Determining the go-to-market sales strategy was a tougher problem to solve for a bootstrapped startup. “We didn’t have a budget to hire a salesforce initially [at Vigilant] and that likely led to some missed opportunities. Now, I’m more focused on how to expand our salesforce quickly and effectively once the product’s market fit has been established,” he says. “Those are lessons I’m trying to pass through as an EIR. The real-world sales and marketing environment is much different than what I expected.”

Meanwhile, progress is in full stride at Vigilant Medical. Several prestigious healthcare organizations, including Cleveland Clinic, Johns Hopkins, Emory University, MedStar Health and Scripps, are among customers of its HIPAA-compliant, online medical image sharing service.

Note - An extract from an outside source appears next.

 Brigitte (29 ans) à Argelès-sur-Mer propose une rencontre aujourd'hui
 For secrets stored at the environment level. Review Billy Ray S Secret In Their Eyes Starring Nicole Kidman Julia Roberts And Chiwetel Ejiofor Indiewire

Since 2011, Vigilant Medical has grown its user base and now serves over 30,000 patients annually without the help of outside capital. Recently, Mr. Venkatesha and team have been exploring machine-learning techniques to improve cardiac image analysis, a collaboration with his alma mater Duke University through an NIH SBIR Phase 1 grant.

Giving back as an EIR

Mr. Venkatesha began his advisory work with UM Ventures in the spring of 2018, responding to the UMB Office of Technology Transfer’s interest in helping University inventors who are developing ideas related to digital health software and IT. One inventor team he’s advising now is engaged in similar R&D as Infinite once was in the area of diagnostic monitoring, but with a focus on trauma patients. “I was in their shoes about 15 years ago, and I appreciate the conditions they are dealing with today,” he says. “It’s been fascinating for me to learn about their individual markets and explain the many different ways they can progress to bring their ideas to market, whether that’s through venture funding, organic growth, partnering or grants. I enjoy explaining the challenges and hopefully they can learn these lessons much faster than I did!” 

University days are but a memory for Mr. Venkatesha, a two-time successful entrepreneur. Still, he’s grateful for the full circle of being in the position to help UMB faculty entrepreneurs pursue their dreams. “Over the years I’ve learned a lot about what it takes to run a medical technology endeavor, whether that’s in the early R&D phases where NIH grants can help inventors bring products to market or in later stage scaling-up challenges, and how to compete without traditional venture funding.”